With this much as a preliminary we are prepared to take up the applications of electricity, which to most people will be more interesting than what has gone before.


CHAPTER X.

THE ELECTRIC TELEGRAPH.

In the year 1617 Strada, an Italian Jesuit, proposed to telegraph news without wires by means of two sympathetic needles made of loadstone so balanced that when one was turned the other would turn with it. Each needle was to have a dial with the letters on it. This would have been very nice if it had only worked, but it was not based on any known law of nature.

Many attempts at telegraphing with electricity were made by different people during the eighteenth century. About 1748 Franklin succeeded in firing spirits by means of a wire across the Schuylkill River, using, as all the other experimenters had done, frictional electricity. In 1753 an anonymous letter was written to Scott's Magazine describing a method by which it was possible to communicate at a distance by electricity. The writer proposed the use of a wire for each letter of the alphabet, that should terminate in pith balls at the receiving end, and under the balls were to be strips of paper corresponding to the letters of the alphabet. The message was to be sent by discharging static electricity through the wire corresponding to the first letter of a word when the paper would be attracted to the pith ball and read by the observer. Then the wire corresponding to the second letter of the word was to be charged in like manner, and so on till the whole message was spelled out. This was the first practical (i.e., possible) suggestion for a telegraph. The writer also proposed to have the wires strung on insulators, which was a great advance over the other attempts.

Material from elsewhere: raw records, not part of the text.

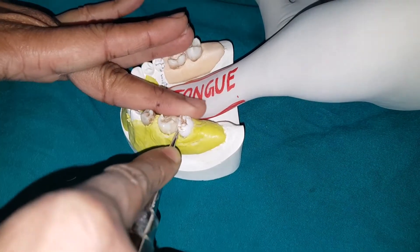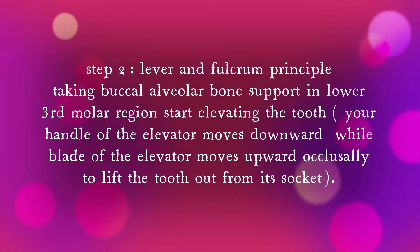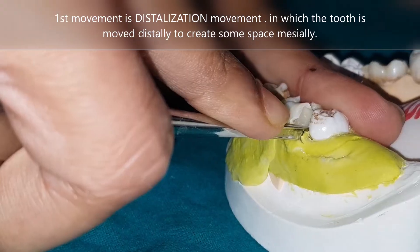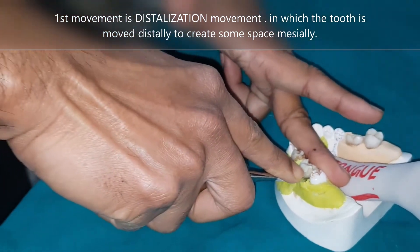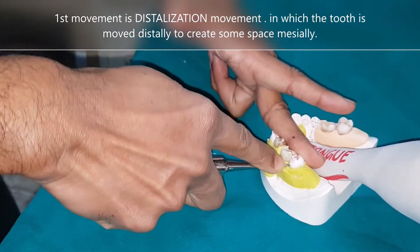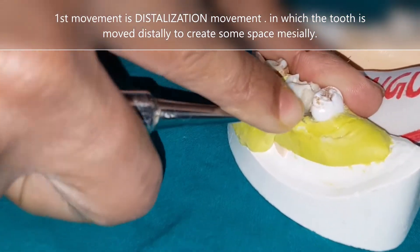The next step is the lever and fulcrum principle. Here you take the buccal alveolar bone as support or as a fulcrum in the third molar region and start elevating the tooth. Once you have wedged, you start moving the tooth distally — that is called distalization movement. It is not yet elevation; it is creating more space between the two teeth and pushing the tooth distally. Look at the rotation of the hand.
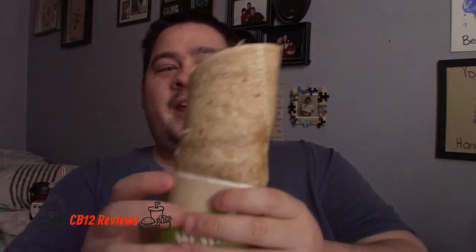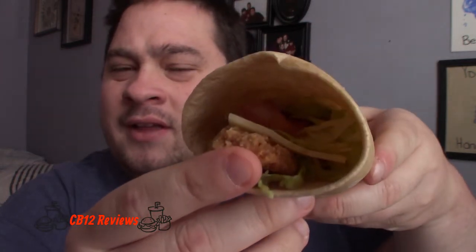The wrap is kind of stuck, but there we go. It smells so good. I'm going to keep it in this little tray. You can see the chicken, I think there's tomatoes in there, and there's the cheese.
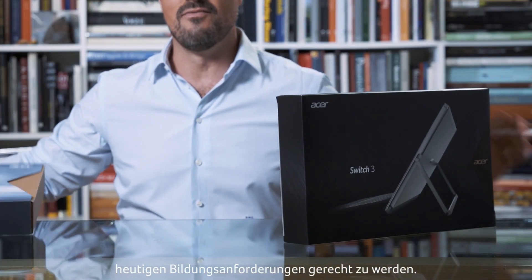Hey everybody, I'm David and I'm passionate about technology and education. I'm particularly happy to be here with you today because I get to share with you two new two-in-one devices from Acer. These products were designed for teachers but also for university students who need new technologies to cope with today's education environments.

The communication was anonymous, as no doubt, like many others, the author feared the ridicule of his neighbors. It requires a vast amount of moral courage to stand up before the world and openly advocate some new theory that has never come within the experience of any one before. It requires much now, but it required more then; for a man in those days would have been roasted for what in these days he would be toasted. The rank and file of humanity have been opposed to innovations in all ages, but no progress could have been made without innovations. There always has to be a first time. Galileo is said to have been forced to retract, on his knees, some theory he advanced about the motion of the earth, and its relation to the sun and other heavenly bodies. Notwithstanding this retraction the seed-thought sown by Galileo took root in other minds, which led to the triumph of scientific truth over religious fanaticism.

The writer in Scott's Magazine did not have the opportunity to put his ideas into practice, so the glory of the invention fell to others. Such men as this unknown writer are made of finer stuff, and they stand alone on the frontier of progress. They do not fear the bullets of an enemy half so much as the gibes of a friend. Much of their work is done quietly and without notice, and when something of real importance is worked out theoretically and experimentally, some one seizes upon it and proclaims it from the housetops and attaches to it his name; but perhaps years after the real inventor (the man who taught the so-called inventor how to do it) is dead, some one writes a book that reveals the truth, and then the hero-loving people erect a monument to his memory.

Such a man was our own Professor Joseph Henry, so long the presiding genius at the Smithsonian Institution at Washington. He worked out all the problems of the present American telegraphic system and demonstrated it practically. Everything that made the so-called Morse telegraph a success had long before been described and demonstrated by Henry. Yet with the modest grace that was ingrained in the man he yielded all to the one who was instrumental in constructing the first telegraph line between Baltimore and Washington. Great credit is due to such men as Morse and Cyrus W. Field—neither of them inventors, but promoters of great systems of communication that are of unspeakable benefit to mankind. Henry pointed out the way, and Morse carried it into effect. Morse has had no more credit than was due him, but has Henry had as much as is due him? No great invention was ever yet the work, wholly, of one man. We Americans are too apt to forget this.